Estamos ahora en condiciones de reconstruir la situación de una casa rica en los tiempos bíblicos. Podemos hacerlo considerando el grupo de palabras análogas al verbo oikeo, habitar. Hay cinco importantes. Primera: oikia u oikos, la casa misma, la casa como vivienda. En segundo lugar, oikeioi, la familia, la casa como conjunto de personas. El único uso secular de esta palabra en el Nuevo Testamento lo encontramos en 1 Timoteo 5.8, donde el apóstol dice que si alguien no hace provisión: «Si alguien no tiene cuidado de los suyos, principalmente de sus familiares (oikeion) … es peor que un infiel». En tercer lugar, viene la palabra oikodespotes, el padre de familia o dueño de la casa, llamado el «señor de la casa» (por ej. Mr 14.14). Él gobierna o dirige la casa, y el verbo que indica su trabajo (oikodespoteo) se encuentra en 1 Timoteo 5.14. En cuarto lugar, tenemos oiketes, el siervo de la casa o, como se lo llama en África, «el chico de la casa». Doulos era la palabra general que se aplicaba a un esclavo, pero oiketes en particular describía al siervo que trabajaba en la casa. El equivalente latino es domesticus, que originalmente incluía a todos los que vivían bajo un mismo techo o en la misma domus, pero luego pasó a significar «siervo» o «criado».



En quinto lugar, está oikonomos, el administrador o mayordomo, cuyo cargo se llama oikonomía, administración. Estas palabras provienen de oikos, casa, y nemo, administrar o dirigir, y de ellas derivan lógicamente nuestros vocablos economía y económico. La definición de oikonomos que da el diccionario de Grimm y Thayer merece citarse en su totalidad: «Administrador de una casa o de los asuntos de una casa; especialmente mayordomo, administrador, director, superintendente… a quien el señor de la casa o propietario ha confiado la administración de sus asuntos, el control de los ingresos y los gastos, y el deber de distribuir la parte correspondiente a todos los siervos e incluso a los hijos que todavía son menores de edad.» Fuese libre o esclavo, ocupaba una posición de responsabilidad entre el dueño y su familia. La misma palabra se emplea también en Romanos 16.23 hablando de Erasto, que aparece como «tesorero de la ciudad» de Corinto. En Gálatas 4.2 se dice que un niño está bajo epitropoi y oikonomoi: los primeros son sus tutores legales y maestros, mientras que los últimos cuidan su propiedad durante su minoría de edad.

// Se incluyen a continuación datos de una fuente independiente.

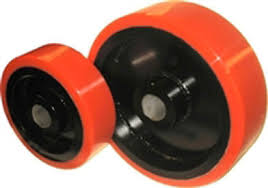 Polyurethane Pallet Jack Stacker Truck Wheels | QualityJack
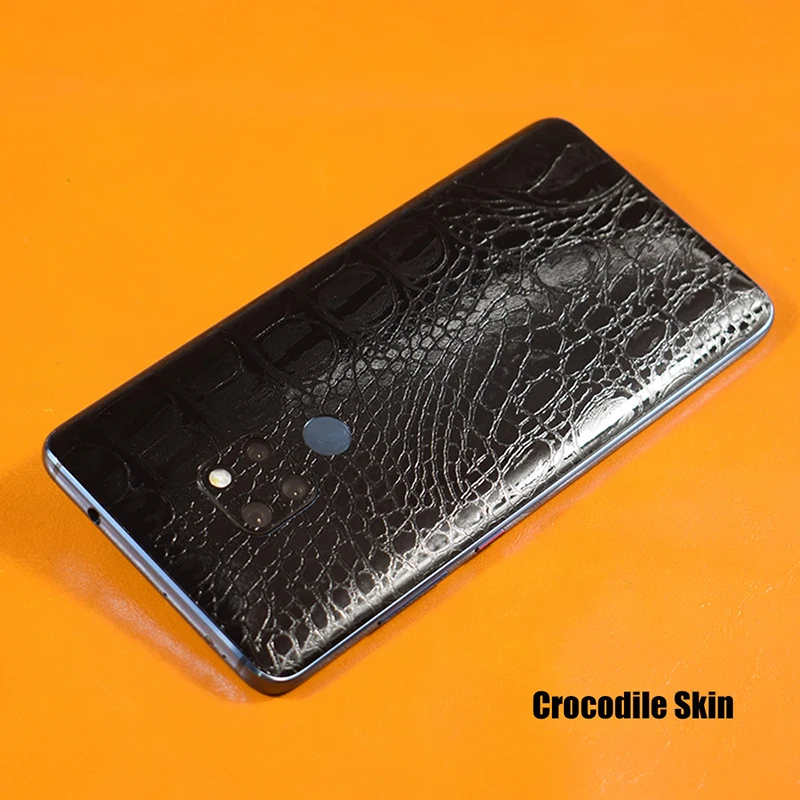 Back Film on For Huawei Mate 20 Mate 20 Lite Carbon Protective Film Sticker For Huawei Mate 20 Pro Mate 20 Lite Leather Sticker  (2)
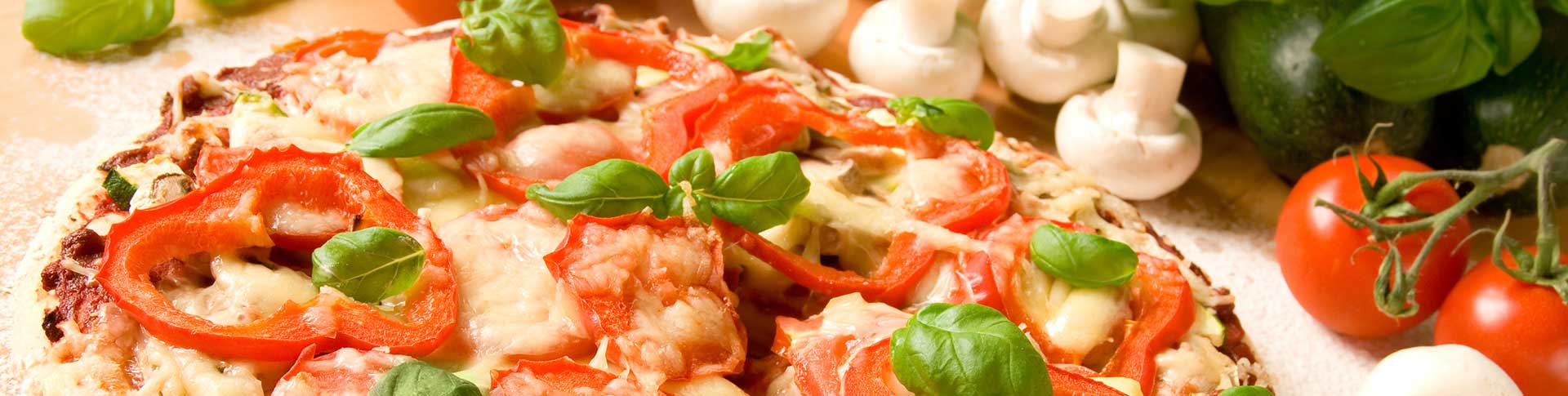 Pizzen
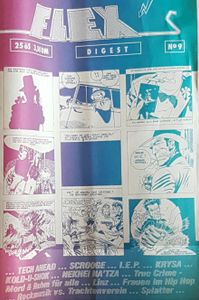 Flex's Digest N°9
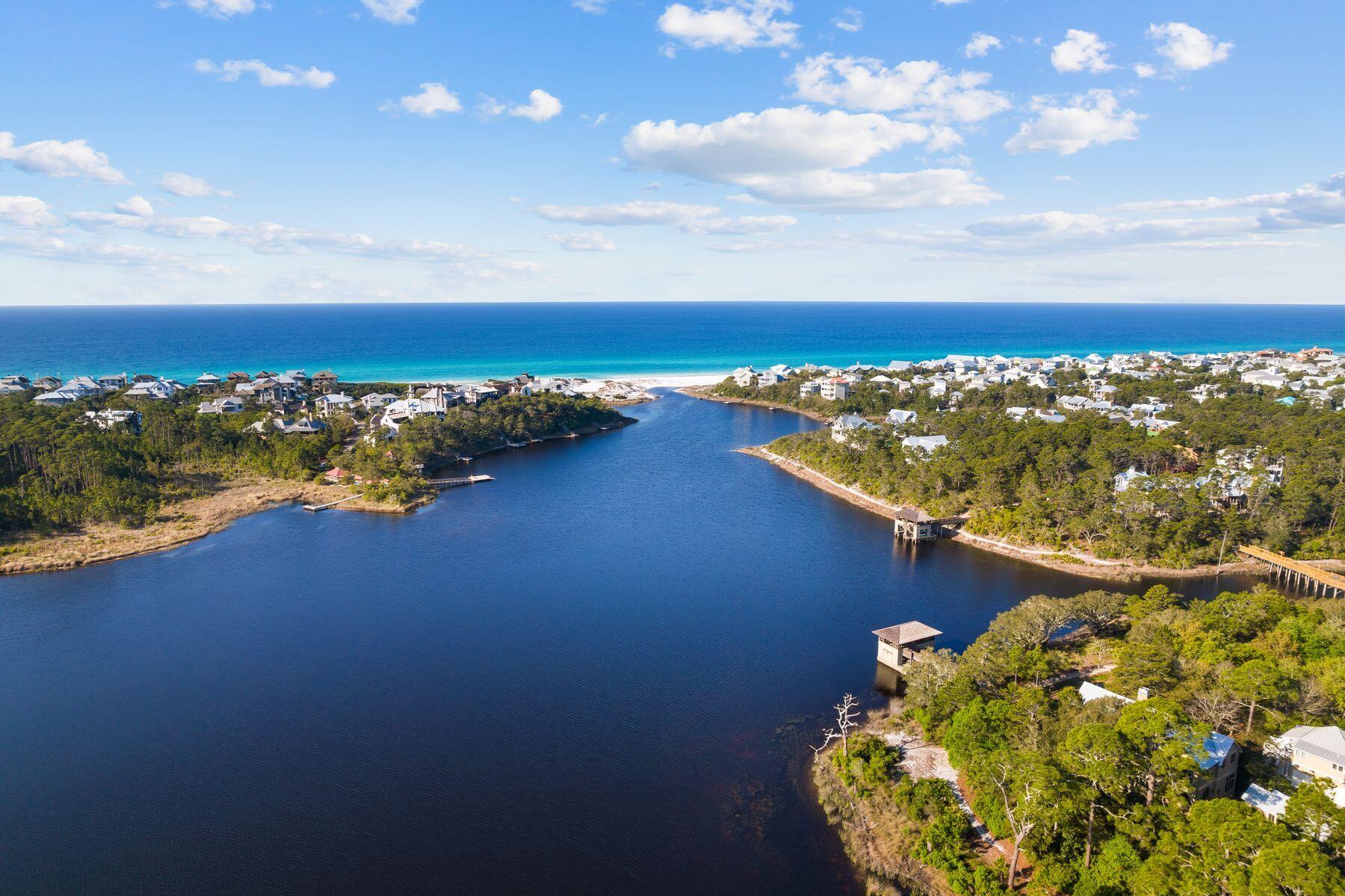 DRAPER LAKE COASTAL VILLAGE - Land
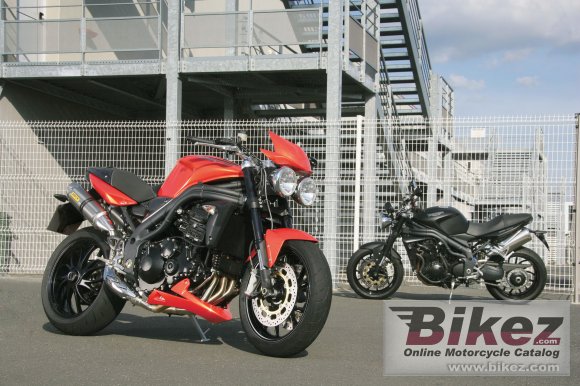 2009 Triumph Speed Triple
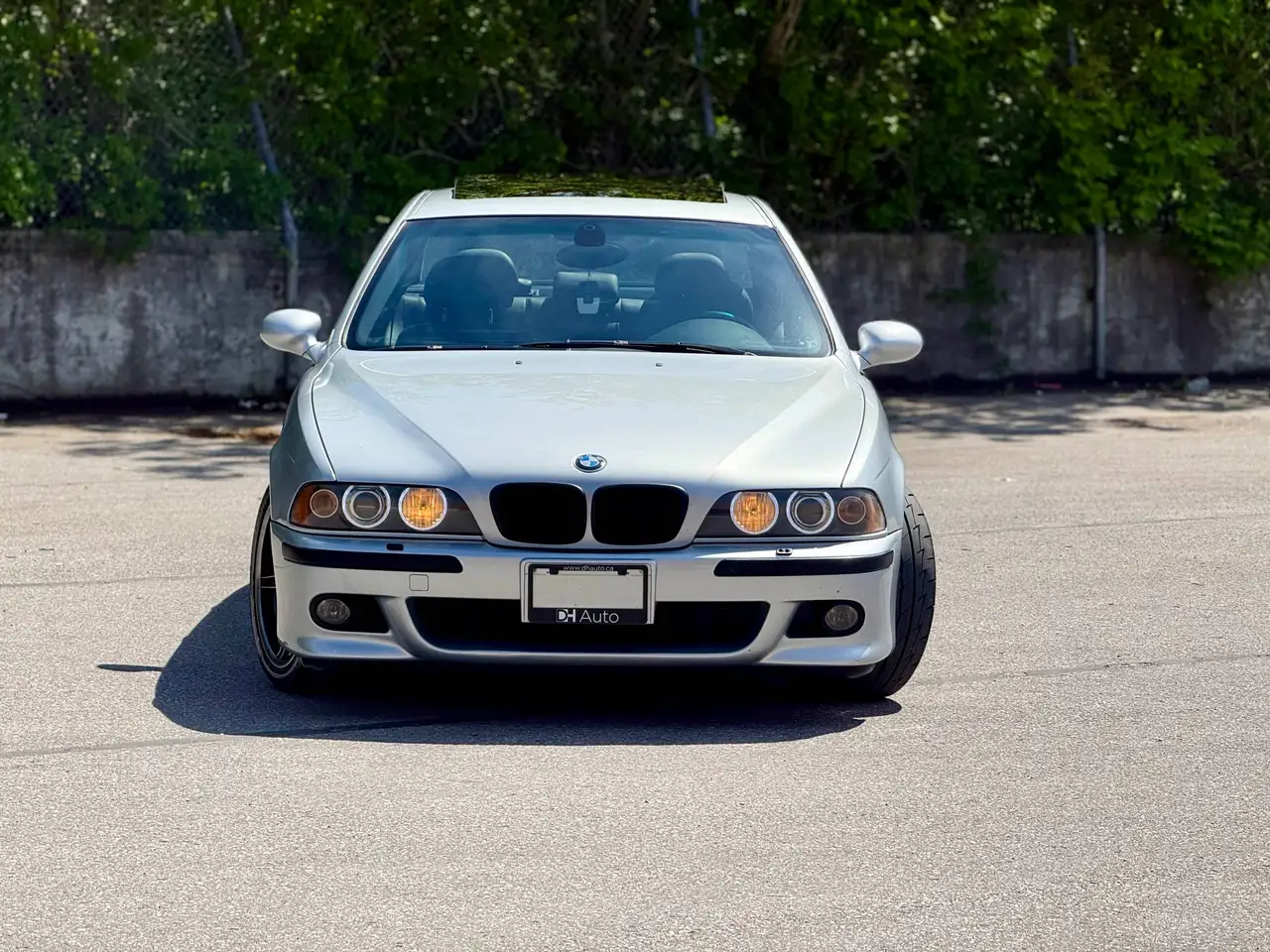 BMW 5 Series fotografie BMW 5 Series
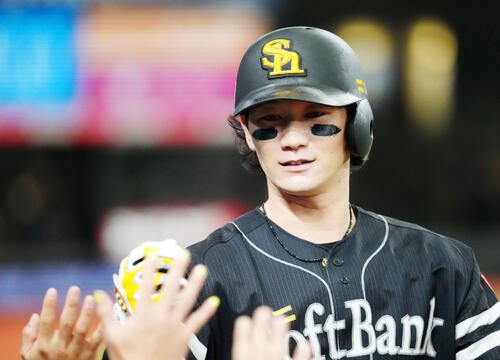 ソフトバンク正木智也(2026年7月撮影)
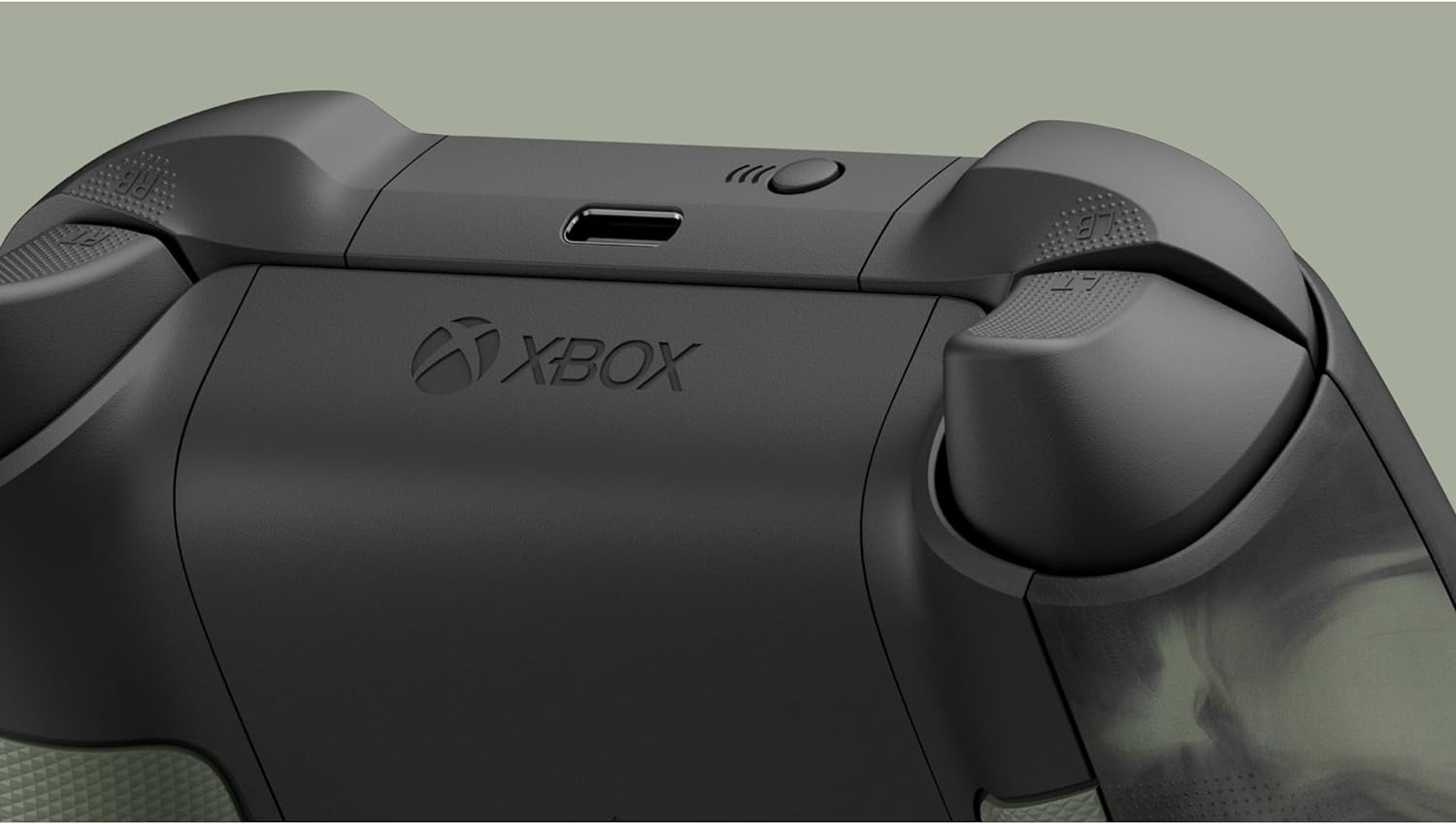 Microsoft Manette Xbox Sans-Fil - Périphérique de jeu - 5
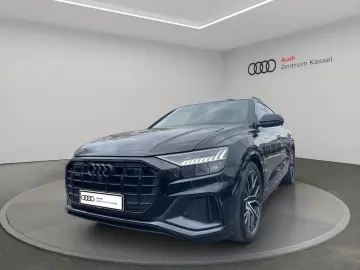 AUDI Q8 50 TDI quattro Matrix B&O Pano HuD AHK 360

Estas cinco palabras juntas describen la situación social de una familia acomodada. La oikos (casa) estaba habitada por los oikeioi (familia), formada por hijos y esclavos a la vez. El dueño de la casa era el oikodespotes (padre de familia), quien tenía a sus órdenes varios oiketai (siervos de la casa). También poseía un oikonomos (administrador o mayordomo) cuya misión era supervisar a los siervos, alimentar a la familia y administrar los asuntos y cuentas de la casa o hacienda. No es sorprendente que los primeros creyentes viesen en esta estructura social un retrato de la iglesia cristiana.




En segundo lugar, la metáfora del administrador muestra el contenido del mensaje del predicador. Efectivamente, si en la metáfora hay alguna enseñanza, esta es que el predicador no provee su propio mensaje, sino que es provisto del mensaje. Si no se espera que el mayordomo alimente a la familia de su propio bolsillo, tampoco el predicador debe proveer su mensaje a expensas de su propio ingenio. Muchas metáforas del Nuevo Testamento señalan esa misma verdad: que la tarea del predicador es proclamar un mensaje que le ha sido dado. El predicador es el sembrador de la semilla y «la semilla es la palabra de Dios» (Lc 8.11). Es un heraldo a quien se le ha dicho qué buenas noticias tiene que proclamar.